Die Europäische Union hat bereits Schutzzölle auf typisch amerikanische Produkte wie Motorräder und Whiskey angedroht. Das würde Unternehmen wie Harley-Davidson und Brown-Forman (Jack Daniel’s) treffen. Trump wiederum zieht als Reaktion die Autoindustrie in den Streit hinein. Das macht den Konflikt für den DAX besonders brisant, weil diese Branche im deutschen Börsenbarometer stark vertreten ist.

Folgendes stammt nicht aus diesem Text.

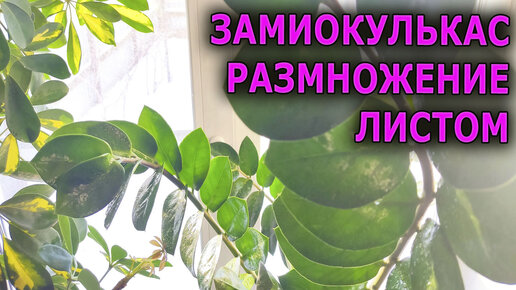 ЗАМИОКУЛЬКАС размножение листом в домашних условиях и посадка в грунт. Как размножить ДОЛЛАРОВОЕ ДЕРЕВО листом и правильно посадить в грунт.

"Mit Zöllen auf Autoimporte würde Präsident Trump die deutsche Autoindustrie empfindlich treffen", warnt Commerzbank-Chefvolkswirt Jörg Krämer. Das CAR-Institut der Universität Duisburg-Essen kalkuliert, dass die deutschen Autokonzerne Gewinneinbußen von bis zu zehn Prozent erleiden könnten.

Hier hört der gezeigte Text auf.